In recent years, inflatable supports have come into extensive use and are used widely in hospitals to prevent and treat decubitous ulcers which are commonly referred to as bed sores. A primary cause of bed sores is the inability of the patient to move so as to relieve pressure points. These pressure points typically occur in the area of a bony protuberance which results in a cut-off of the blood flow in the skin and soft tissue adjacent to the protuberance when distortion of capillary blood vessels curtails blood flow. When the blood flow in the capillaries is blocked due to excessive external interface pressure, the cells in that area begin to die and may result in a wound which is called a bed sore. Mobile persons do not have this problem because they continually move even when asleep which eliminates the cut-off of blood flow for too long a period.

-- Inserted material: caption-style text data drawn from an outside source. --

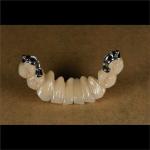 Aesthetic Partial Denture Precision Attachments Medical Grade OEM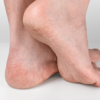 5. Cracked feet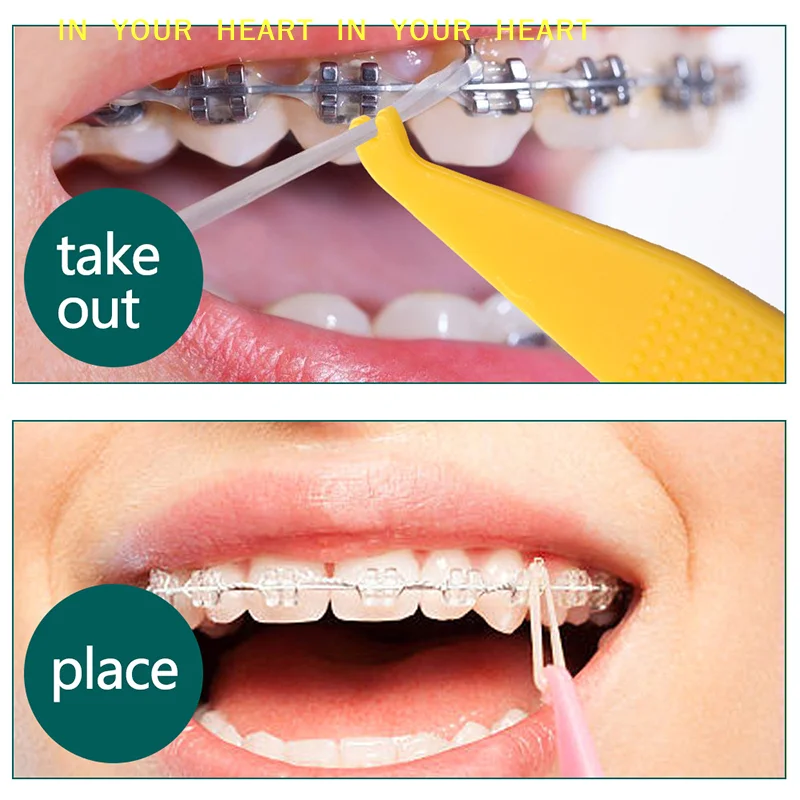【X】10Pcs Dental Orthodontic Elastic Placer For Braces Rubber Bands Placing Hook Ligature Tie Ring Placers Dentistry Accessories view 3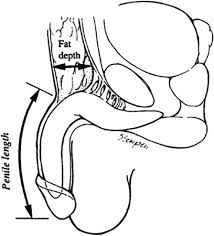 This article is more than 6 years old. Penile Size And Penile Enlargement Surgery A Review International Journal Of Impotence Research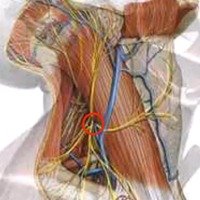Figura 2: Punto de entrada para el bloqueo superficial, por el borde posterior del músculo ECM.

A typical inflatable support system for the prevention of bed sores has a plurality of parallel cells alternately inflated to provide support for the user.

The inflatable support system may comprise an alternating pad or mattress for a bed or similar system for a seat.

It has been found that with such inflatable support systems the end portion or zone on which a person's heels rest when in a supine position are particularly prone to developing sores. This is exacerbated because the inflatable cells are of similar size and of such diameter that in the end zone the person's heel can either rest on an individual cell or between adjacent cells, either case being undesirable for achieving effective therapeutic bed sore relief.

One aspect of the present invention provides an inflatable support for providing pressure relief to a person resting on the support which support comprises a plurality of inflatable cells extending transversely of the support in which a group of main cells form the main body of the support and a further group of cells are disposed adjacent one end of the support to provide an end zone and wherein the end zone cells are of smaller diameter, and more numerous in number per unit area of the support, than that of the main cells.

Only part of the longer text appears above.